Man, I'd get absolute clarification before I did anything, especially since they are going to narrow the streets rather than widen them and I would want it in writing. If your hedges are on your actual property, then I can't see them requiring you to remove them all, maybe a section if the plumbing has to go beneath it, but beyond that what reason could they have?
Does your city or area have sidewalks?, if so, I would imagine that your hedges would have to be kept on your property's side as it is. Keep us up to date on what they require.


----------



## BloodyRose (Jul 10, 2006)

Bear traps it's the only way!


----------



## Gloomy_Gus (Jul 11, 2006)

Sounds like a "human interest" story for the local news media.


----------



## slimy (Jul 12, 2006)

Gloomy, I thought that as well. Now I'm changing my tune. I'm going with Bloody Rose. 

Vlad set up the group buy, we want bear traps. Lots of them.


----------



## HibLaGrande (Sep 25, 2005)

Sorry to hear of you endangered hedge row Vlad. and it's to late in the season to plant a bunch of poison ivy in and around it too. But you could go and plant rebar all through it.


----------



## Spooklights (Jul 4, 2006)

Or thorn bushes.


----------



## drbrandon73 (Jul 11, 2006)

If they are narrowing the street they will probably save your hedge. They only rip stuff out when they widen the street.


----------



## drbrandon73 (Jul 11, 2006)

Also, you could always steal a dinosaur bone from your local museum of natural history and bury it down from your house so construction has to stop so a bunch of archeologists can come in and excavate the site for 10 years!


----------



## Hellrazor (Jun 18, 2006)

what a great idea Dr. Brandon! A dyno bone, you can use bucky bones and really mess with their heads... in fact... bury a whole skelly.


----------



## Beepem (Jul 17, 2006)

wow brandon, that was like a fresh prince moment.

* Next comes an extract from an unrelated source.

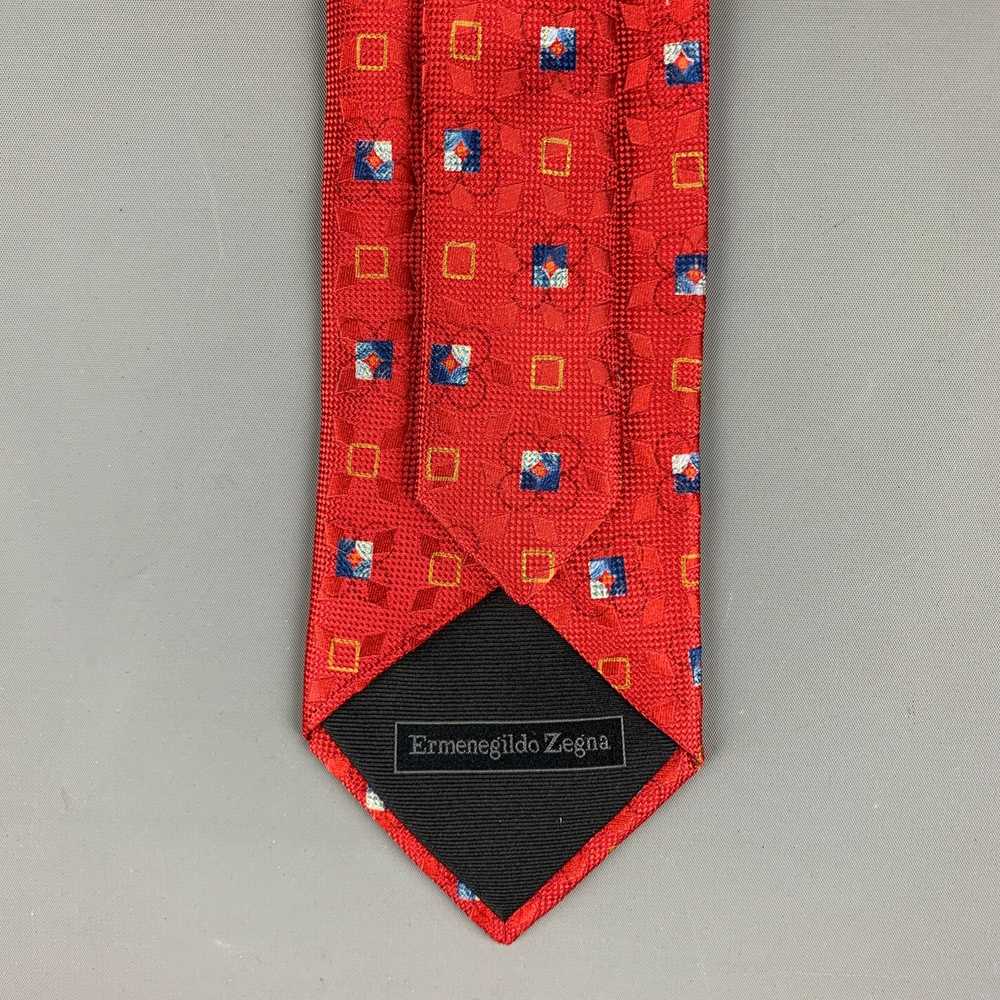 Ermenegildo Zegna Red Blue Squares Silk Tie - image 4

however, if they are narrowing the street...why would they rip out your hedge? i suggest finding out how far they will emove things for construction purposes(if they are removing thigs or not) and trim hedge about a few feet or so past that....maybe then they wont take it?


----------



## Empress Nightshade (Jul 25, 2004)

Oh, how completely awful, Vlad and Black Cat!!
I remember how much you appreciated and loved your hedges. I hope that they can be saved and something can be worked out. My good vibes have been sent your way.


----------



## slimy (Jul 12, 2006)

Poison Ivy. Genius!!!!!!!!! Lots of poison ivy to cover over the bear traps.


----------



## kevin242 (Sep 30, 2005)

I have a similar story. 
In 2003, our town decided to redo all of the water/sewer mains in my neighborhood, they tore up the entire street, drove heavy machinery over and destroyed the sidewalks, dug trenches in our lawn, left backhoes and equipment everywhere, they also lined the street with big concrete formed sewer sections 5' high... it was a freakin' mess. 
There were piles of trap-rock everywhere, 1" thick steel plates covering deep trenches and oh, the workers found it nessesary to throw their garbage/coffee cups all over. 
The street looked like Beruit with huge potholes and choking dust blowing all over everything. Less than ideal ToTing conditions. Oh yeah, while digging, they also smashed our 50 y/o Kousa Dogwood tree with a backhoe. 
We are just finally getting things back to normal. 
One bright spot: we stole about 10 bales of hay from them, it was great stuff to lay over the ground, around tombstones and cover wiring, I highly recommend using hay instead of leaves as a ground cover. We also set up a few bales as a photo op for the kiddies...
Note the concrete forms on the street in this photo, they kinda looked like giant toilets.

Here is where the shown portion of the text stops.